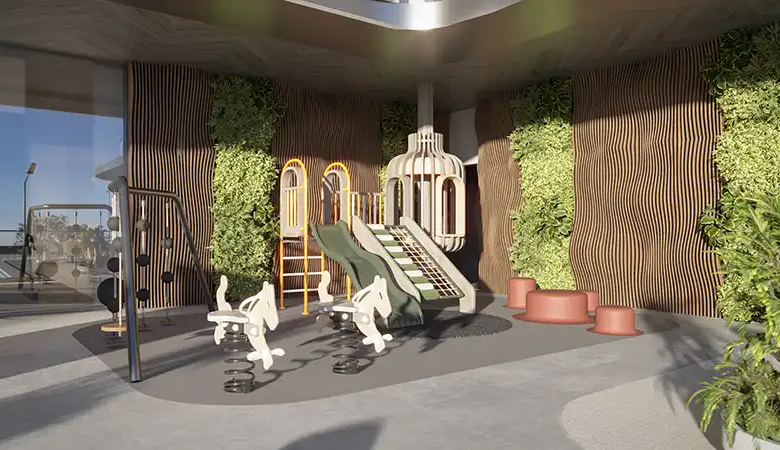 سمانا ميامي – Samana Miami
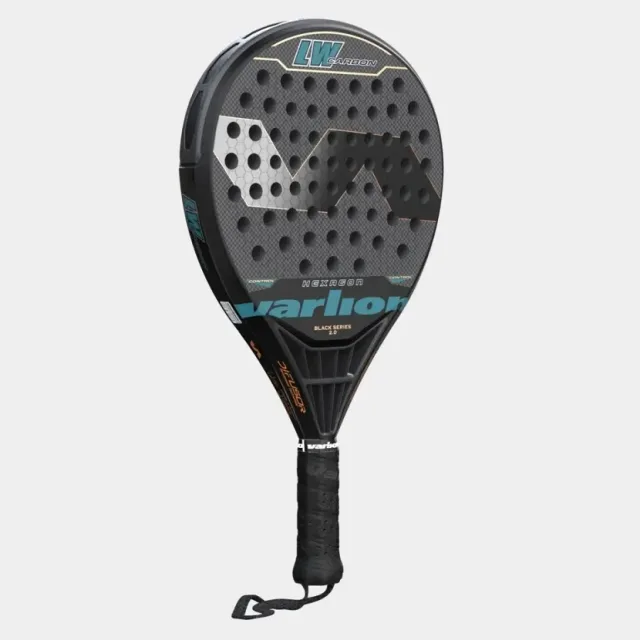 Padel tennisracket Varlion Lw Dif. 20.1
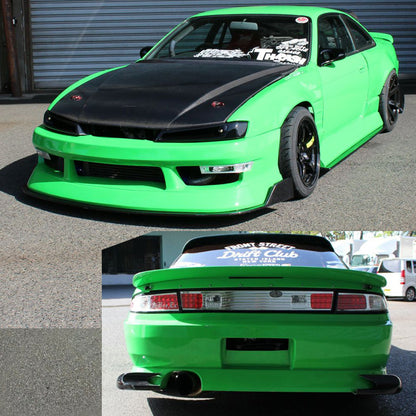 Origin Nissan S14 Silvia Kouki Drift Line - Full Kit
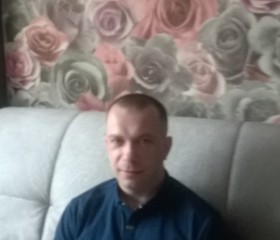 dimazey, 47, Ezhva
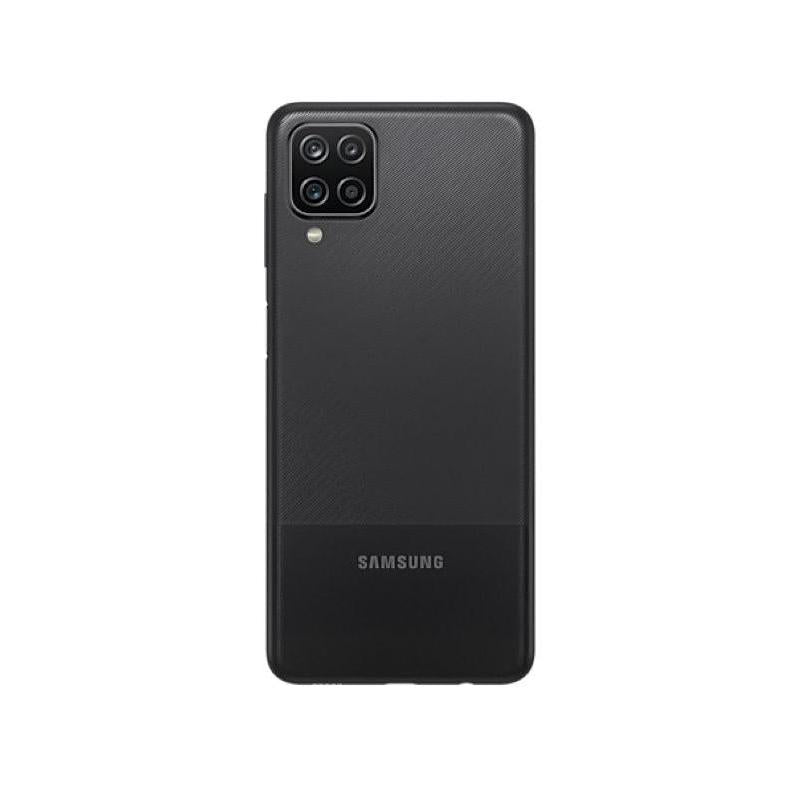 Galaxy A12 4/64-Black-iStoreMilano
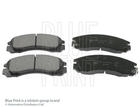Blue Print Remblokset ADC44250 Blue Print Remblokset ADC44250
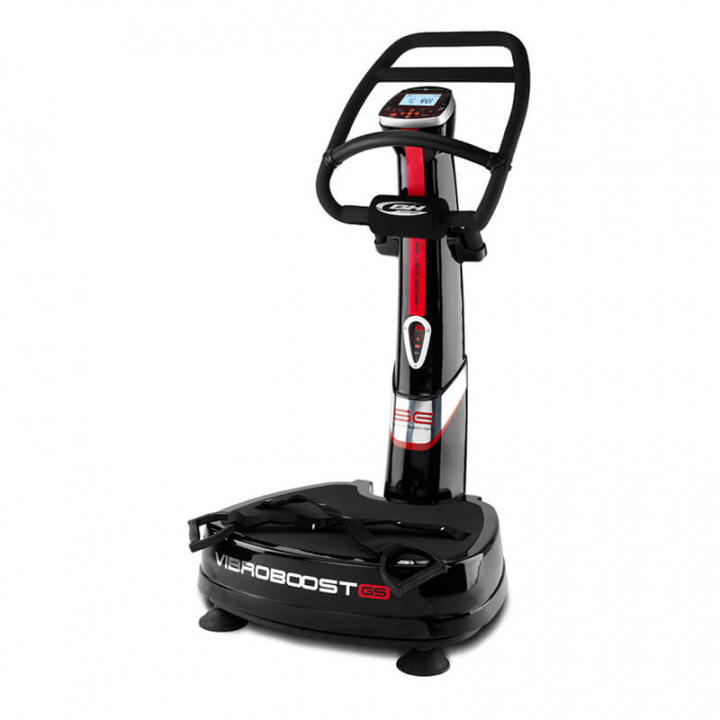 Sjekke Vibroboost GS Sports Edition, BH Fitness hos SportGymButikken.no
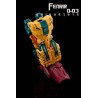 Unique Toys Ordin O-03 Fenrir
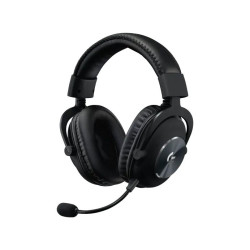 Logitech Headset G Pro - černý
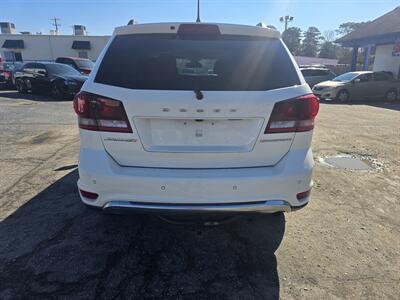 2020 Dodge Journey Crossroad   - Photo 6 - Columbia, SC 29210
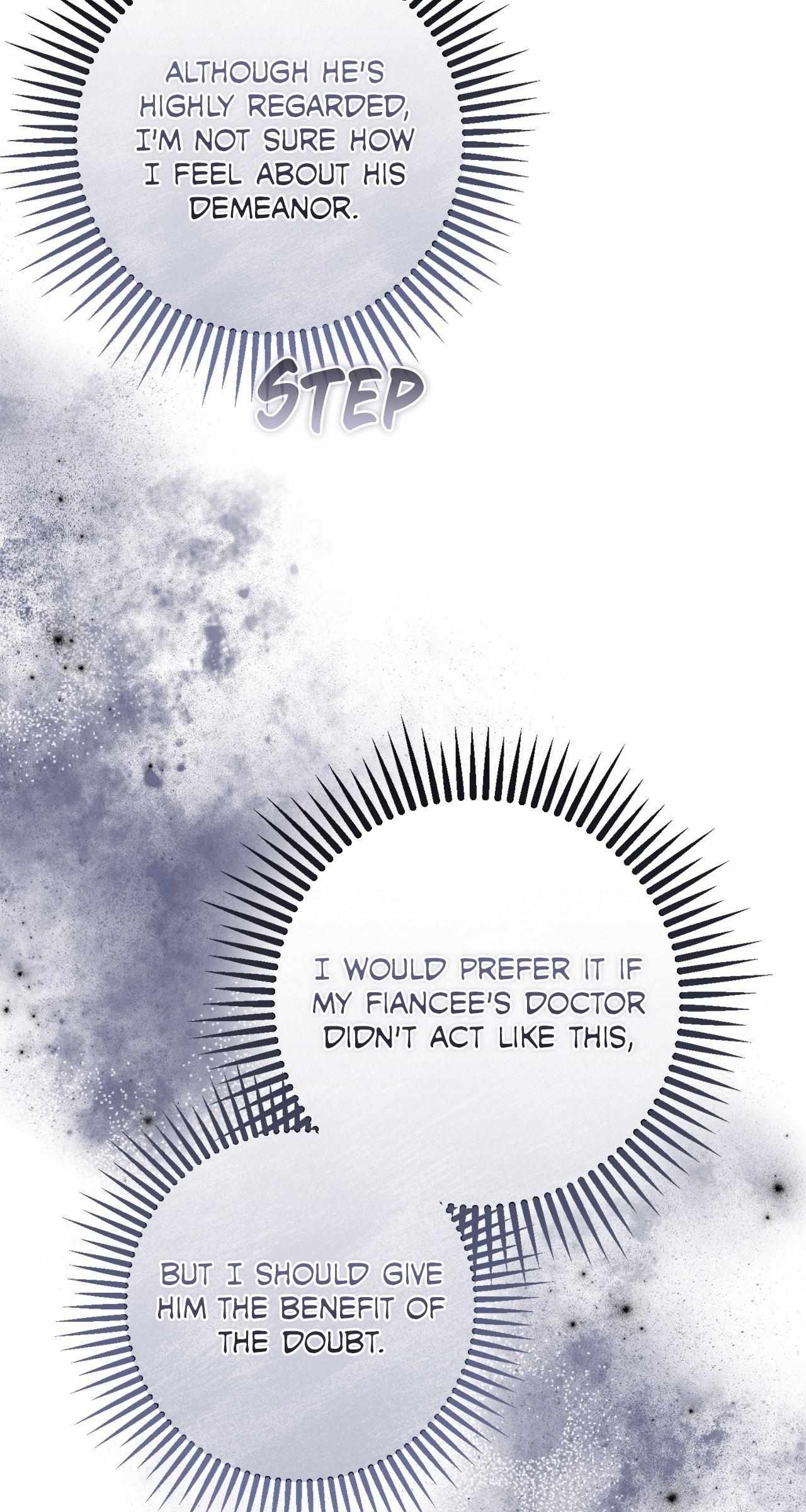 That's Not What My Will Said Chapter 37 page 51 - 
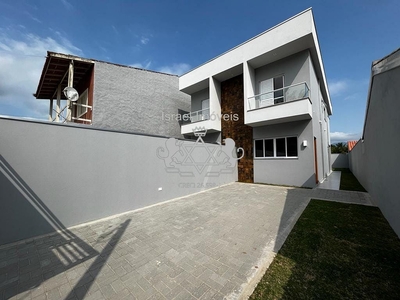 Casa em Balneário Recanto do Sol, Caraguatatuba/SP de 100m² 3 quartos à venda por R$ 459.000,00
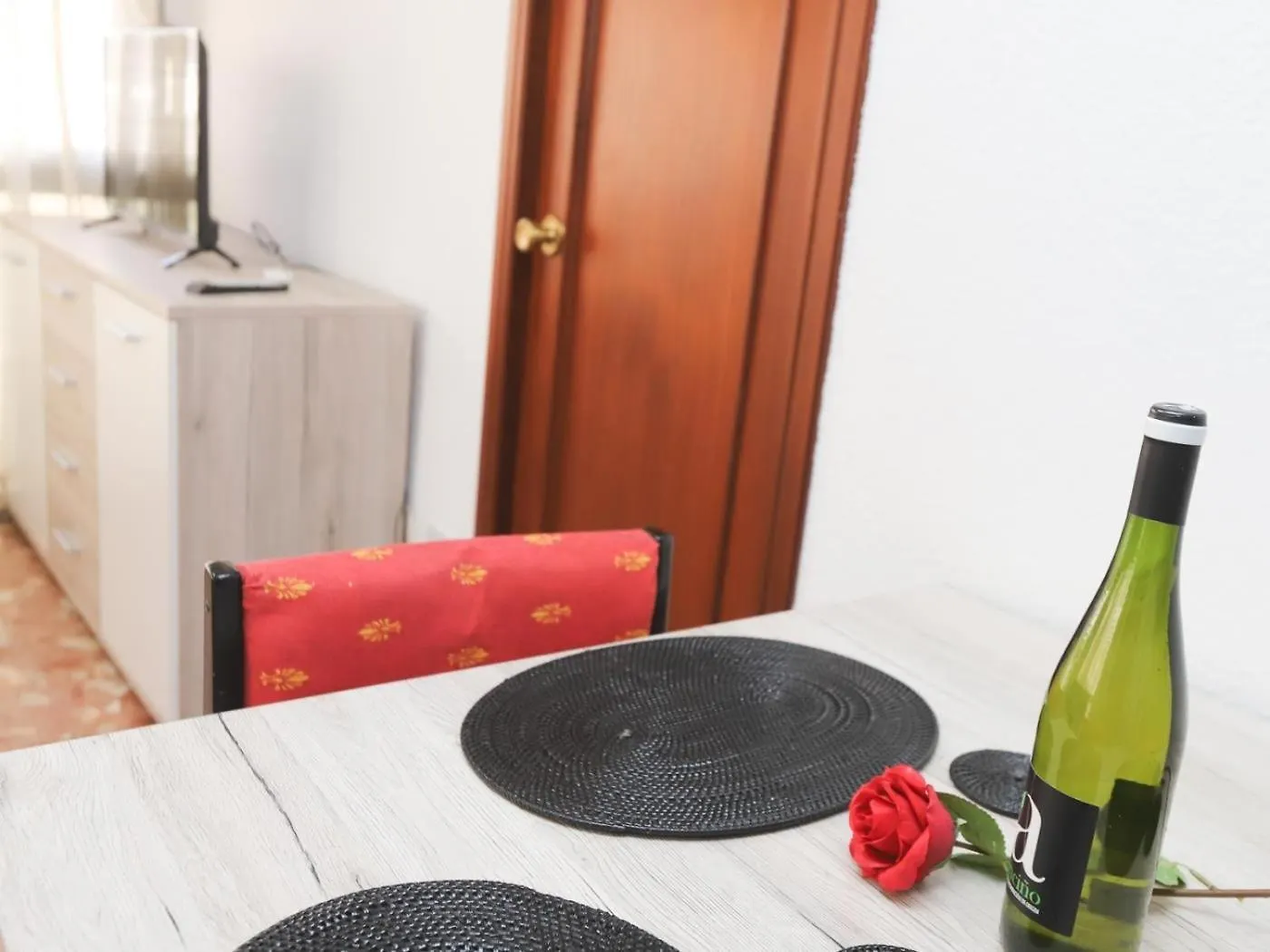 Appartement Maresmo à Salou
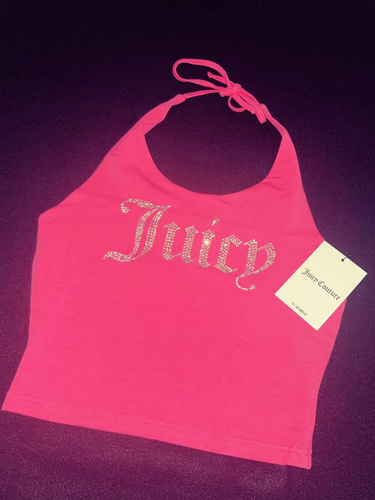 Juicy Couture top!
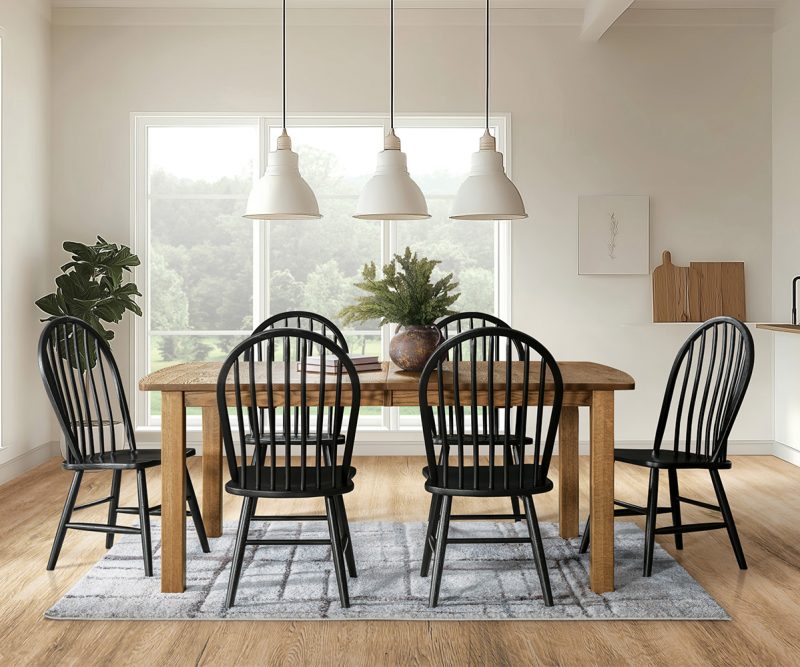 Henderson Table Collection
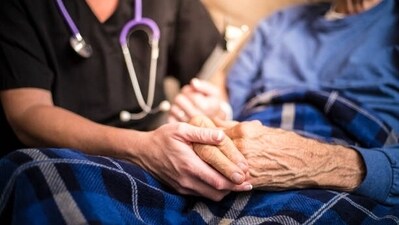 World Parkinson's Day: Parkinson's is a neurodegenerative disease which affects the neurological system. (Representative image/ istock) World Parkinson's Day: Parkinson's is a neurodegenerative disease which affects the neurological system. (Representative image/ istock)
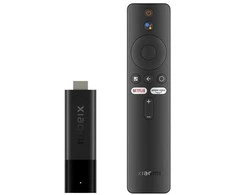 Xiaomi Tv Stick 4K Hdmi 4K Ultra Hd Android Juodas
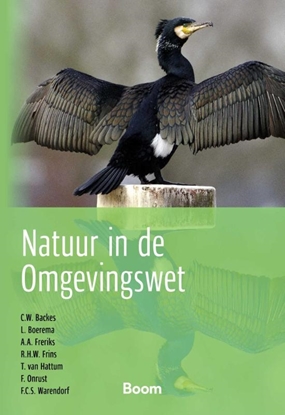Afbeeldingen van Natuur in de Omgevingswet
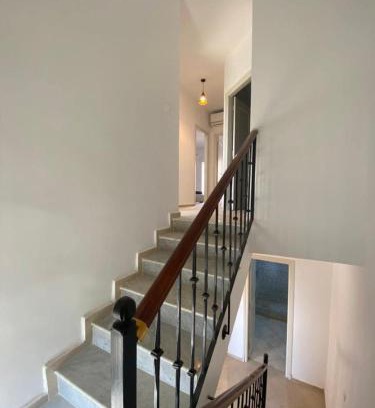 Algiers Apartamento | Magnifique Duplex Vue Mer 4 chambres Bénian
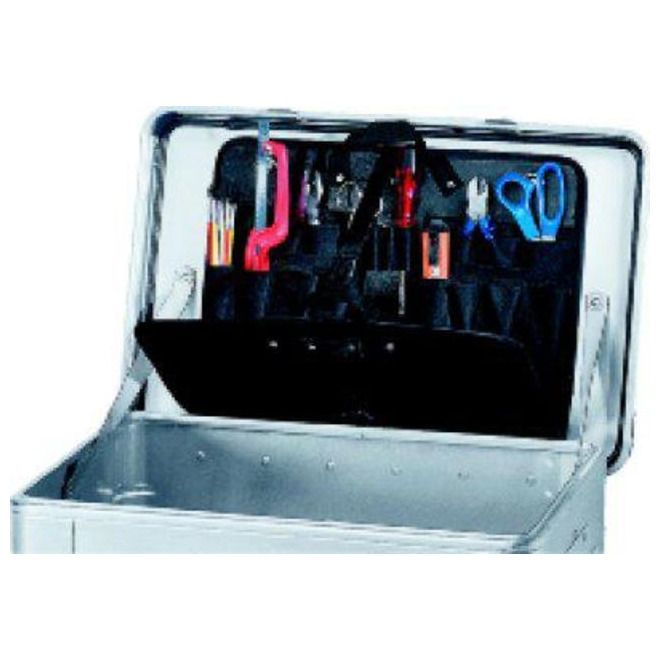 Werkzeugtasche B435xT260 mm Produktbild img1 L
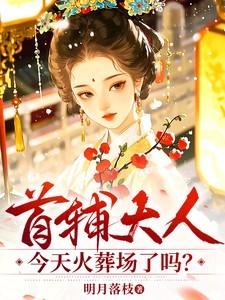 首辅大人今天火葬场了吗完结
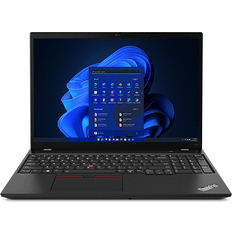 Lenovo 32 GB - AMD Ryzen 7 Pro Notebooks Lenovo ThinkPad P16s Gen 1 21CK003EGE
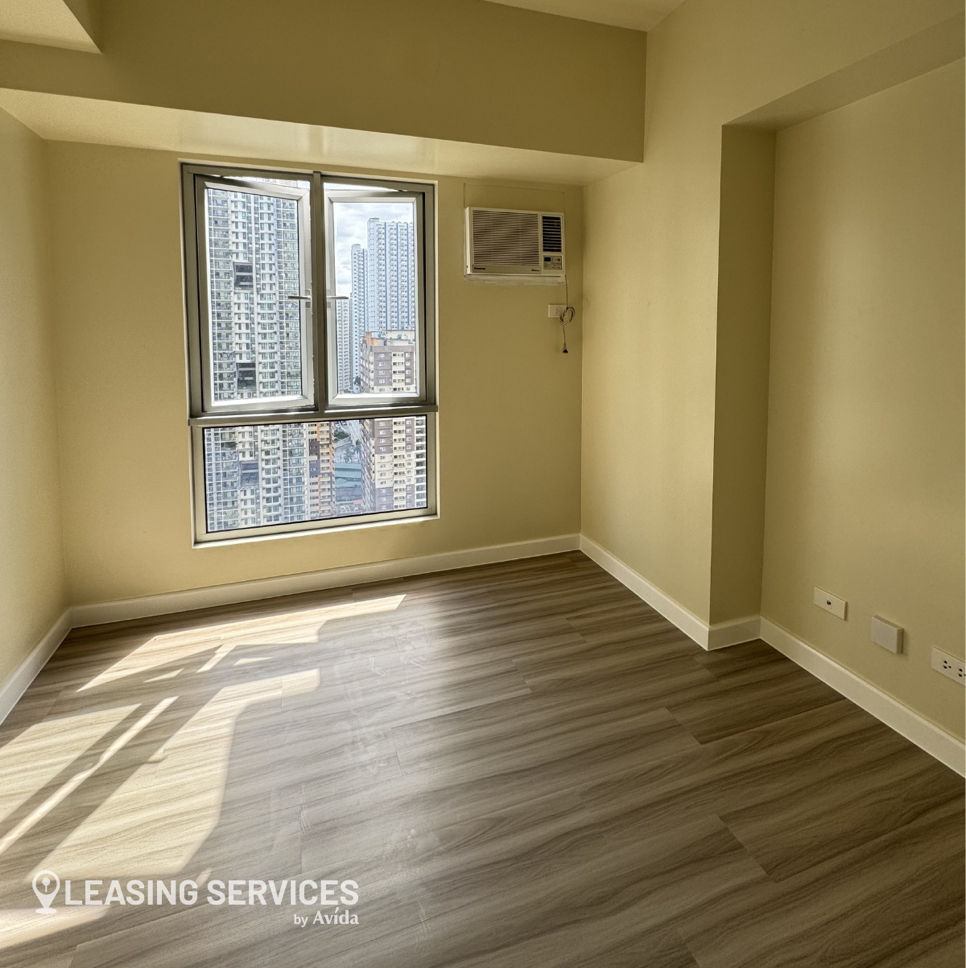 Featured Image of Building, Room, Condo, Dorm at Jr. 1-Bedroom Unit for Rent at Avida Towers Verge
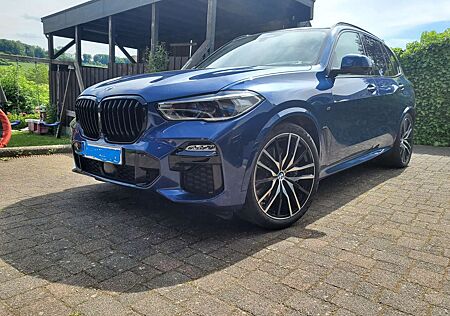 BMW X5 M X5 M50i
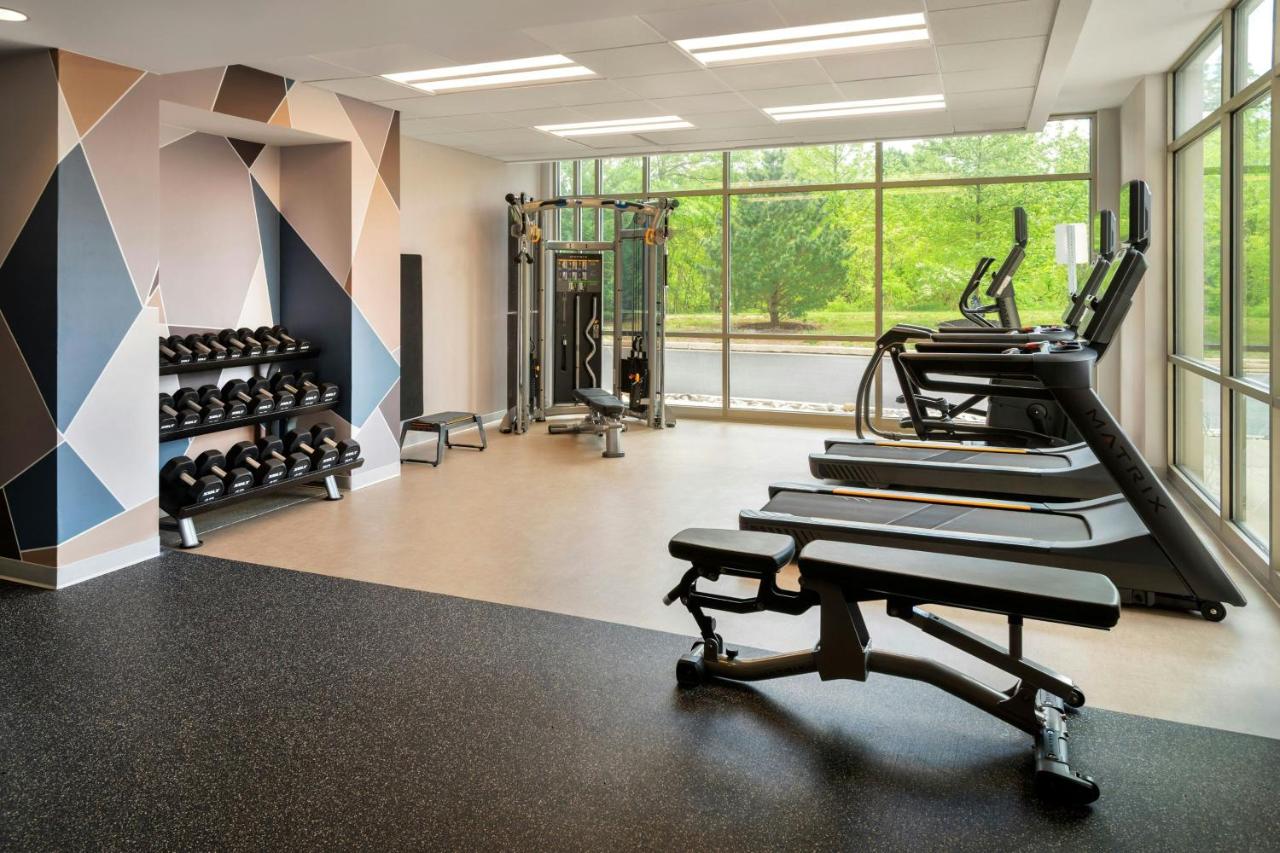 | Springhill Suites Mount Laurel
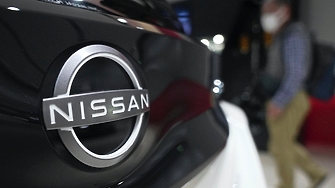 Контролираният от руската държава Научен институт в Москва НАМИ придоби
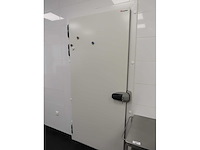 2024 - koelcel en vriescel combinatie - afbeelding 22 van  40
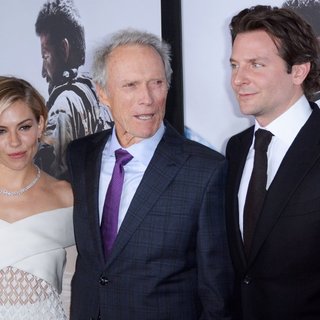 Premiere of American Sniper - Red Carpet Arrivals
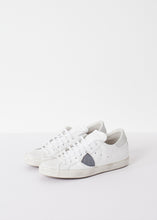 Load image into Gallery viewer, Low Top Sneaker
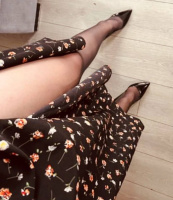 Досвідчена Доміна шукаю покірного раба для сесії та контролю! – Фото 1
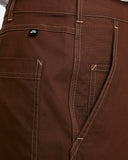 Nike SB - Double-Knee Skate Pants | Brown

| TASK TO COMPLETE |
Please leave the images out and retype the rest of the material exactly.

| RESULT OF THE TASK |
 سمانا ميامي – Samana Miami
 Padel tennisracket Varlion Lw Dif. 20.1
 Origin Nissan S14 Silvia Kouki Drift Line - Full Kit
 dimazey, 47, Ezhva
 Galaxy A12 4/64-Black-iStoreMilano
Blue Print Remblokset ADC44250 Blue Print Remblokset ADC44250
 Sjekke Vibroboost GS Sports Edition, BH Fitness hos SportGymButikken.no
 Unique Toys Ordin O-03 Fenrir
 Logitech Headset G Pro - černý
 2020 Dodge Journey Crossroad   - Photo 6 - Columbia, SC 29210
 That's Not What My Will Said Chapter 37 page 51 - 
 Casa em Balneário Recanto do Sol, Caraguatatuba/SP de 100m² 3 quartos à venda por R$ 459.000,00
 Appartement Maresmo à Salou
 Juicy Couture top!
 Henderson Table Collection
 World Parkinson's Day: Parkinson's is a neurodegenerative disease which affects the neurological system. (Representative image/ istock) World Parkinson's Day: Parkinson's is a neurodegenerative disease which affects the neurological system. (Representative image/ istock)
 Xiaomi Tv Stick 4K Hdmi 4K Ultra Hd Android Juodas
Afbeeldingen van Natuur in de Omgevingswet
 Algiers Apartamento | Magnifique Duplex Vue Mer 4 chambres Bénian
 Werkzeugtasche B435xT260 mm Produktbild img1 L
 首辅大人今天火葬场了吗完结
 Lenovo 32 GB - AMD Ryzen 7 Pro Notebooks Lenovo ThinkPad P16s Gen 1 21CK003EGE
 Featured Image of Building, Room, Condo, Dorm at Jr. 1-Bedroom Unit for Rent at Avida Towers Verge
 BMW X5 M X5 M50i
 | Springhill Suites Mount Laurel
 Контролираният от руската държава Научен институт в Москва НАМИ придоби
 2024 - koelcel en vriescel combinatie - afbeelding 22 van  40
 Premiere of American Sniper - Red Carpet Arrivals
 Load image into Gallery viewer, Low Top Sneaker
 Досвідчена Доміна шукаю покірного раба для сесії та контролю! – Фото 1
 Nike SB - Double-Knee Skate Pants | Brown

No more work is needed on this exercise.